Readying 1000G phase5 v3 in Computerome (C2)

A code to obtain the 1000G reference data that I use for my projects in the CBMR

Introduction to the data

The data that I am using can only be found in the Porus/Hulk servers and can only be accessed by people in NNF's CBMR. While, the 1000G data is publically available, the data that I am using is part of the Phenomics Platform from our center, hence why I cannot share it.

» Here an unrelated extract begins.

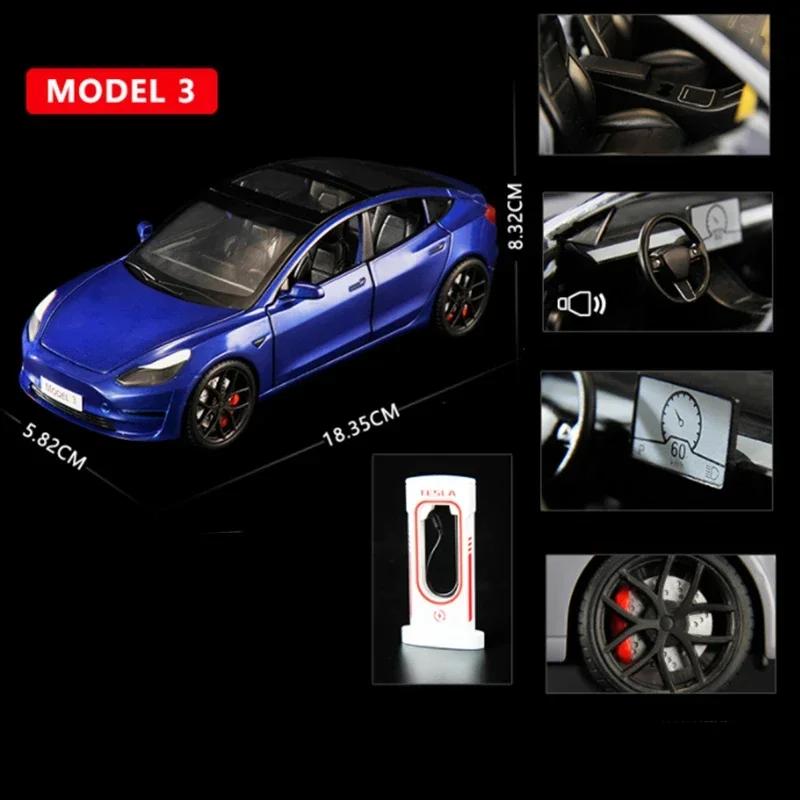 AKX1 1:24 TESLA Model 3 Car Toys Alloy Diecasts Metal Vehicles Car Model With Sound Light Vehicle Toys For Children Gifts Collection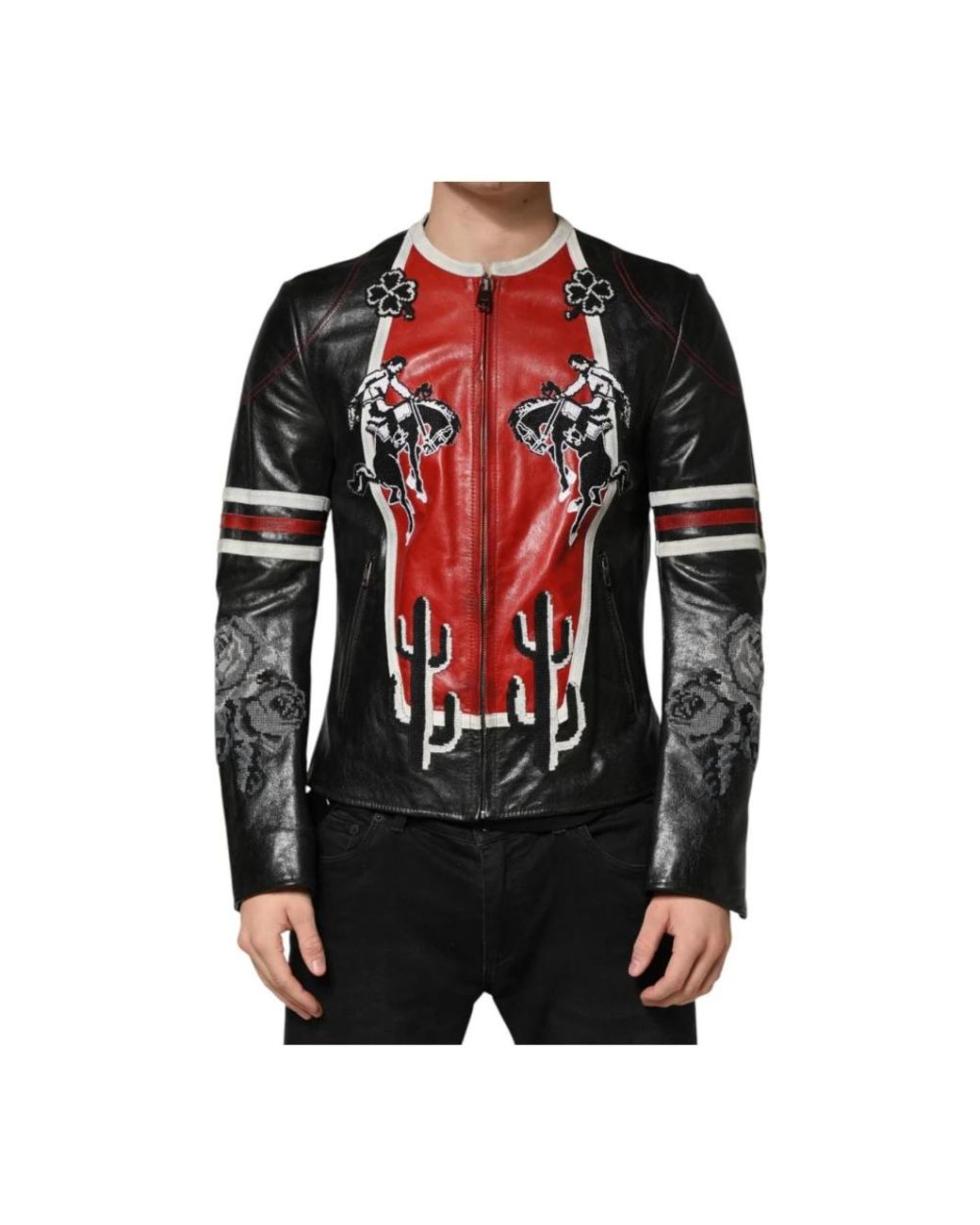 Dolce & Gabbana Black Leather Jackets for men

Importantly. this data is characterized by:

Having all variants including insertions/delections and MAF <0.01.
However it does not contain simpletons.
Contains individuals of all ancestries.

In this pipeline we will do the following:

a) Index the original vcf files so that we can convert them to plink files. b) Convert them into plink files removing variants with maf <0.01 and geno < 0.1 (only using individuals of European ancestry). c) Removing duplicates

IMPORTANTLY: you need your own path to where this repository is downloaded. In the code you will find ~/RAW_DATA or ~/CURATED_DATA. Please replace ~ with the path that you are going to work in.

STEP A. Obtaining the data and indexing it.

First we need to obtain the data by doing a symbolic link in the folder where we are going to save the 1000G data. (CODE in Step_1_linking) Then, we index it using bcftools -tbi (full code in Step_2_indexing)

STEP B. Converting into plink 1.9 files excluding European individuals.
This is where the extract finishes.